▶ [Data extract]:
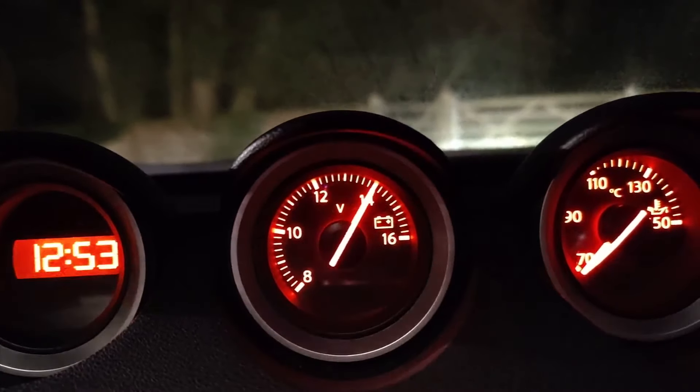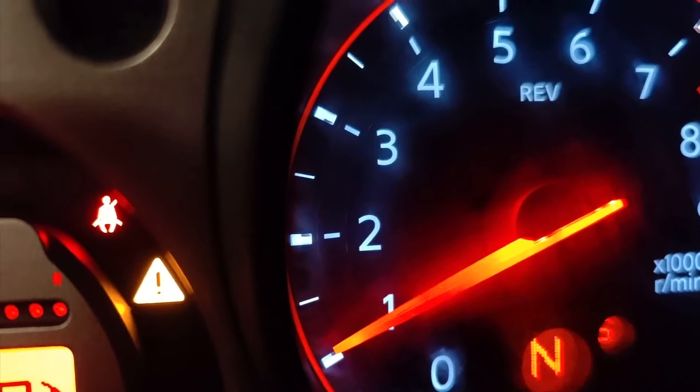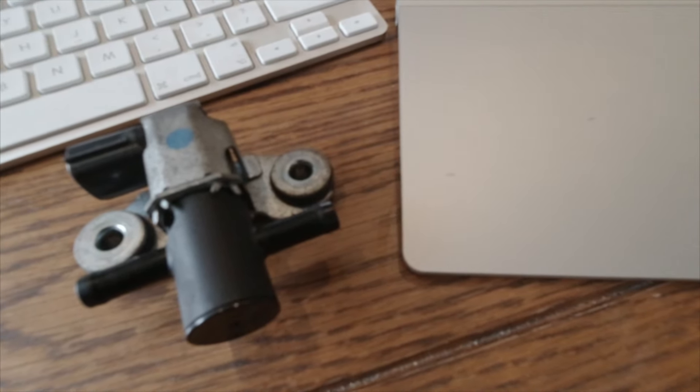Does your car do this? Then you may need this. This is the EVAP control valve. They just sit on the back of the intake manifold, nice and simple.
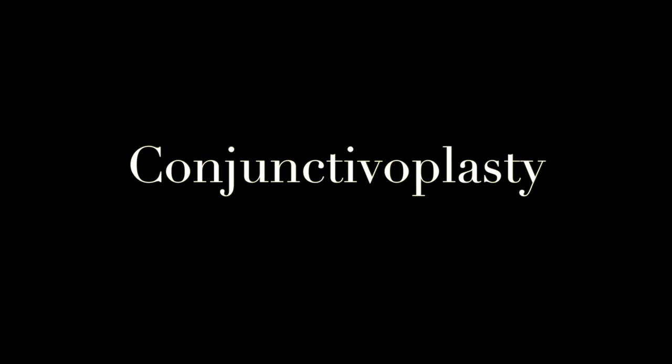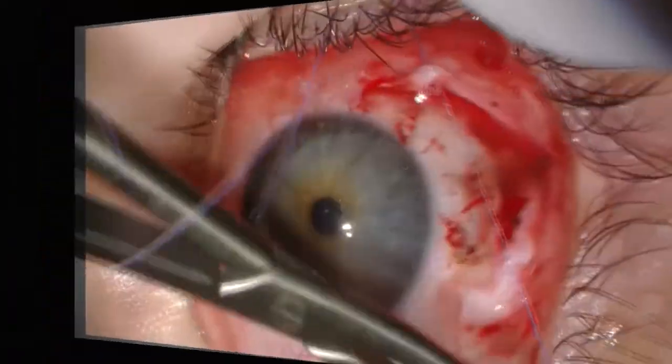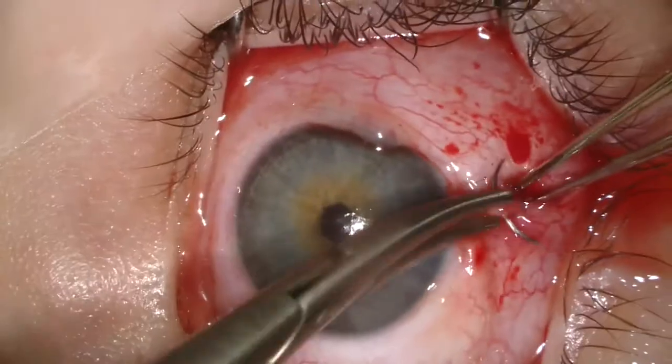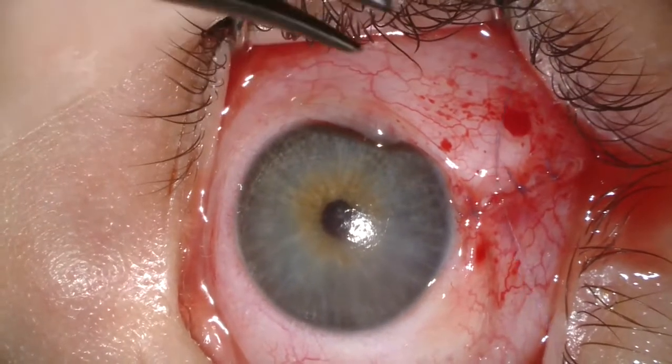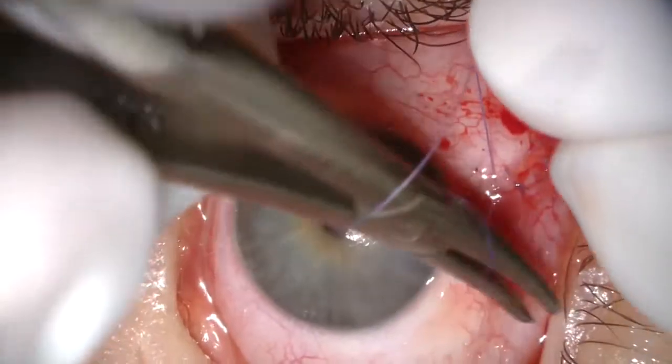We're doing double layer closure with Tenon's fascia first. Often we'll place two or three of these Tenon's fascia sutures to recreate the natural appearance of the conjunctiva at the limbus. Then we place our epithelial sutures to cosmetically recreate the ocular surface.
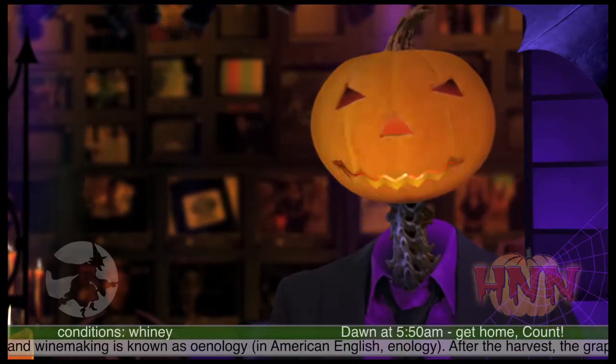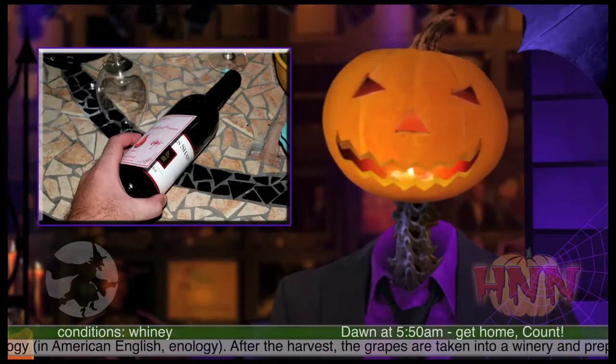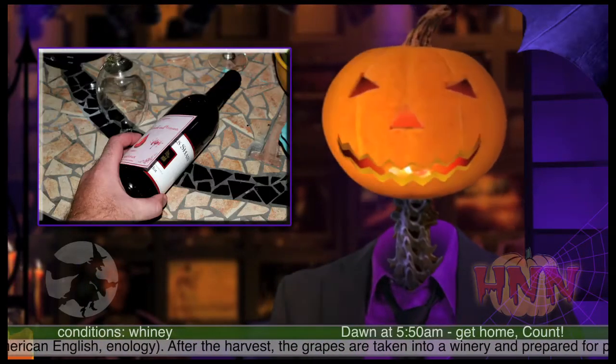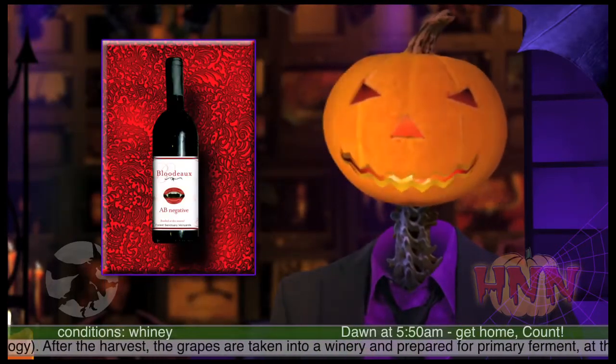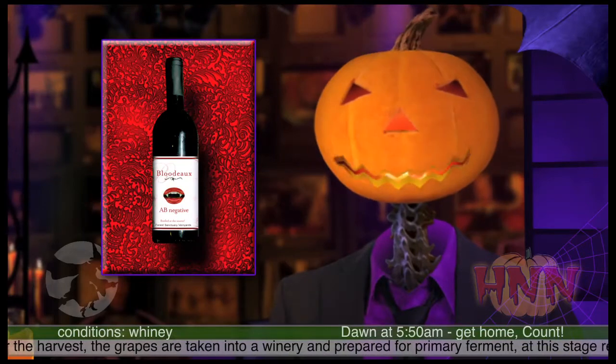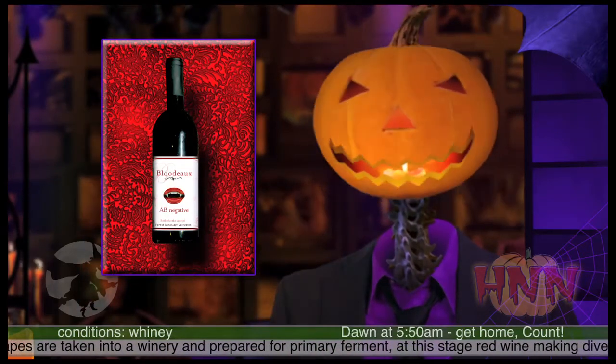Once you've chosen your paper and the labels, simply print the labels, cut them out, and paste them on. What a marvelous display and surprise they will make to top off your party. This is an extra bite of entertainment that will be a real scream at your You've-Thought-of-Everything Halloween party. Bloody amazing, mate.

▶ [Problem]: Copy only this, please: the line with "We're doing double" and every line after it through the end of the data, with no pictures.

▶ [Answer area]:
We're doing double layer closure with Tenon's fascia first. Often we'll place two or three of these Tenon's fascia sutures to recreate the natural appearance of the conjunctiva at the limbus. Then we place our epithelial sutures to cosmetically recreate the ocular surface.
Once you've chosen your paper and the labels, simply print the labels, cut them out, and paste them on. What a marvelous display and surprise they will make to top off your party. This is an extra bite of entertainment that will be a real scream at your You've-Thought-of-Everything Halloween party. Bloody amazing, mate.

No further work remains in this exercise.